The nine EAA’s play major roles in so many other bodily functions besides muscle growth and recovery. Amino acids are like a clock, each one being a part that has a function to make the whole thing work!
Immunity: L-Histidine and L-Threonine help fight free radicals and support your immune system
Mental Health: L-Tryptophan, L-Tyrosine, and L-Phenylalanine are essential to produce the ‘feel good’ neurotransmitters like dopamine and serotonin.
Skin Health: L-Lysine and L-Threonine are critical building blocks for structural proteins like collagen, which repairs connective tissue and skin.
Weight Management: L-Threonine and L-Methionine help your body properly metabolize fat and also detoxify your blood.
Hormone Balance: EAA’s help keep your endocrine system balanced.

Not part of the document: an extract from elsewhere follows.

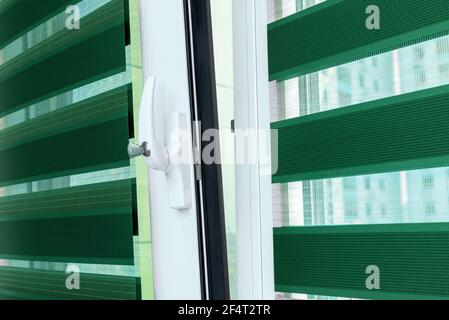 Metal plastic windows with blinds, close up view on handle with a lock. The concept of protecting a child from falling out of windows. Details of emerald roller blinds. Child safety at home concept Stock Photo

The two ‘L’s L-Leucine and L-Lysine are the relevant ones here.
While we are seeing great results with EAA’s and the future looking promising it is important to note that it’s important to remember the ratios!
If you’re looking to try an EAA supplement, here are a few things to look for:
A researched ratio of EAA: Look for a product that has actual scientific studies behind the ratio being used.
Proper BCAA Concentration: As we’ve learned, BCAA’s are PART of EAA’s, and EAA’s work best in the presence of adequate levels of BCAA’s.
EAA’s amount per serving: Look for an EAA product that has at least 5 grams of EAA per serving.